Small, democratic bodies can be united federally in a larger system, and this
was the intention of the founders of our republic, but it no longer exists in a
meaningful way.
The Least of Evils
Calvin the Reformer and Leo the Pope both came to rather the same conclusion;
both recommended aristocracy tempered by democracy, or democracy tempered by
aristocracy. In other words, neither recommended a totally rational,
mathematically egalitarian system. This was the original American idea, properly
designated as "federal republicanism," with division of powers and two
kinds of representative chambers.
Ideally, those who govern should possess authority in the sense of Hannah
Arendt. Authority must be distinguished from power. Arendt defines it as the
ability to elicit voluntary obedience. Good presidents, good officers,
good coaches, good teachers have it. Those who do not have it must resort to
power, to force, in order to be obeyed. When government leaders forfeit respect,
they lose authority, and when authority is lost, power must use force to
preserve social peace. Power, contrasted with true authority, compels
obedience.

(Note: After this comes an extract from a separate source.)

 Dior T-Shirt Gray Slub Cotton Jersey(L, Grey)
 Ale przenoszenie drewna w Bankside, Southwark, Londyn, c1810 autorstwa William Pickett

Thus when a ruler or a government resorts to force to secure
obedience, this does not "restore authority." Instead, it proves that
authority is gone.
There is a loss of authority in the U.S.A. at virtually every level of social
behavior: parents, teachers, clergy, government officials, etc. As Arendt
predicted, this loss is accompanied by an increasing resort to government
restrictions, which then leads to government violence.
Religion and Freedom
Although religions and religious leaders have at times resorted to force to
secure their goals, ideally they should influence and rule by persuasion and
conviction. When all the people, or at least a very significant number of them,
share common ideals and values, often in terms of a shared religion, to a great
extent they will govern themselves. When they do not, governments must resort to
force. When people are capable of self-discipline, self-motivation, and
self-control, very little force is required to "promote domestic
tranquility."
Within Western Christendom, the fundamental basis of government has been
covenantal, based on the concept of covenants between God, the Creator and
Judge, and humans, his servants. Respect for covenantal arrangements obviates
the need for force. This is true both in the small society of the family, the
larger society of the sports team, and the great society of the State.
Traditionally, these covenants between individuals and smaller segments of
society have been seen as under the covenant between God and the human race.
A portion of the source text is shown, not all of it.